To sum up, the popular conversation concerning police violence revolves around various aspects of the problem, and the question of the future development of the issue is discussed with special interest, even when the contradictory is expected.

Many of the African-American community chastise the acts of the police and are deeply offended that nothing has changed over the years. The rest of the community, in general, most likely was swayed by the media and their role in portraying these characters that, in a way, deserve what they got.

References

(2015).Dylann Roof’s Burger King Meal Proves A Devastating Point [Television broadcast]. In The Young Turks. Cenk Uygur.

Chaney, C., & Robertson, R. (2013). Racism and police brutality in America. Journal of African American Studies, 480-505.

Durr, M. (2015). What is the Difference between Slave Patrols and Modern Day Policing?

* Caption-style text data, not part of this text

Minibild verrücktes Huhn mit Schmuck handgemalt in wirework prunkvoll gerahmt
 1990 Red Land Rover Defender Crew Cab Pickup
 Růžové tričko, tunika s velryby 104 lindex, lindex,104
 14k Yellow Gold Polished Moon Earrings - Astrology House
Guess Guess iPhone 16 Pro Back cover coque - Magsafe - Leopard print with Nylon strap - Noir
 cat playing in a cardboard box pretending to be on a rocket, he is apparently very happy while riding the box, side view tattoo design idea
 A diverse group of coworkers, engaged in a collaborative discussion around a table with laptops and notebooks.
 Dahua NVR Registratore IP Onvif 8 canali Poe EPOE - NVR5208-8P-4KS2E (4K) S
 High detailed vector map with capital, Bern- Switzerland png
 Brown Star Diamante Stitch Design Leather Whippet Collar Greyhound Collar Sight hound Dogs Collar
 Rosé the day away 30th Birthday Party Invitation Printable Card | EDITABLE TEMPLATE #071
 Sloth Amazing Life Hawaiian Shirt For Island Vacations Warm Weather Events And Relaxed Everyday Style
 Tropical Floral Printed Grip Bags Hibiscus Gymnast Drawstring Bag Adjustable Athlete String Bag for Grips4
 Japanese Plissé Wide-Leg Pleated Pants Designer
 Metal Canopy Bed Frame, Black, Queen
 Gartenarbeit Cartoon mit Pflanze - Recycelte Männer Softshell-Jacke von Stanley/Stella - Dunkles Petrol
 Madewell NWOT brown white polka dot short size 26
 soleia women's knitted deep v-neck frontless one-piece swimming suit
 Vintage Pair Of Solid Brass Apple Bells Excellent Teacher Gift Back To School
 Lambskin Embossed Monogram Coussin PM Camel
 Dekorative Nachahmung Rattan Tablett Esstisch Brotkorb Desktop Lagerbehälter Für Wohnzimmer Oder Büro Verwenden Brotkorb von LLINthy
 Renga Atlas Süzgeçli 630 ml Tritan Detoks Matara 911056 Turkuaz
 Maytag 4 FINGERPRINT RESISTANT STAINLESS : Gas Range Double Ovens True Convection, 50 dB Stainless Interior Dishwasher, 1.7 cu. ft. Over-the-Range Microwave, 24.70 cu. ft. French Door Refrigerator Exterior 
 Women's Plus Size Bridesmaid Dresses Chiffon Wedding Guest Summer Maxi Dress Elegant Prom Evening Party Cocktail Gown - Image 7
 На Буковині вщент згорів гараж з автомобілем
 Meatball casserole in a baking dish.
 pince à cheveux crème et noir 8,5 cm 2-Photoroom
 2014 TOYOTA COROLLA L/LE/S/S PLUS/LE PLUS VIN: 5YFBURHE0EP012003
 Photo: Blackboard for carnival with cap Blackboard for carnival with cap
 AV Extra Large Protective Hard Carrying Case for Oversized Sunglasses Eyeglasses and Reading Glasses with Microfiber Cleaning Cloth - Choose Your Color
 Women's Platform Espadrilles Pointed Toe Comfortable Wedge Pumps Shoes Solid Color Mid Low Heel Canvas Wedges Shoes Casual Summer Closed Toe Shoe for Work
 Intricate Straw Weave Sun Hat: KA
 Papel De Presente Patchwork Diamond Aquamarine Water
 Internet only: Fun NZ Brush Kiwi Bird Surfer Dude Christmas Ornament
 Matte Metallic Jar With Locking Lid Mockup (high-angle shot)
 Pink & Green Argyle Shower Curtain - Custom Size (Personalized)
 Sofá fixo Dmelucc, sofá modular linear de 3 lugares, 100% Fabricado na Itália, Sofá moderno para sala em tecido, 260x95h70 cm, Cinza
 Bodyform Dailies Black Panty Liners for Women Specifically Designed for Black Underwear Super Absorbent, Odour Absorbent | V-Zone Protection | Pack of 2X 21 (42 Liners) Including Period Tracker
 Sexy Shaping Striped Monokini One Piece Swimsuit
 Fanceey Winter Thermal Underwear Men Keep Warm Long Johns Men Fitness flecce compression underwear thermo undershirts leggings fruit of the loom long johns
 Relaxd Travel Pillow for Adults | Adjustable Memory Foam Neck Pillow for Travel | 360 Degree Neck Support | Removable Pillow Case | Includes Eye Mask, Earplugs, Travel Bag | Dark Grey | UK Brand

Erfani-Ghettani, R. (2014). The defamation of Joy Gardner: press, police and black deaths in custody. Race & Class, 56(3), 102-112. 

Evans, L., & Feagin, J. (2015). The Costs of Policing Violence: Foregrounding Cognitive and Emotional Labor. Critical Sociology, 41(6), 887-895. 

Institutional Violence in a Community of Color. Critical Sociology, 41(6), 873-879. 

Miah, Malik. “The Racial Underbelly of U.S. Justice: Whose Lives Matter in America?” Against the Current 1 (2015): 2-3. ProQuest. Web.

Tankebe, J. (2010). Public Confidence in the Police: Testing the Effects of Public Experiences of Police Corruption in Ghana. British Journal of Criminology, 50(2), 296-319. 

Taylor, J. (2013). “We Are All Oscar Grant”: Police Brutality, Death, and the Work of Mourning. Transforming Anthropology, 21(2), 187-197.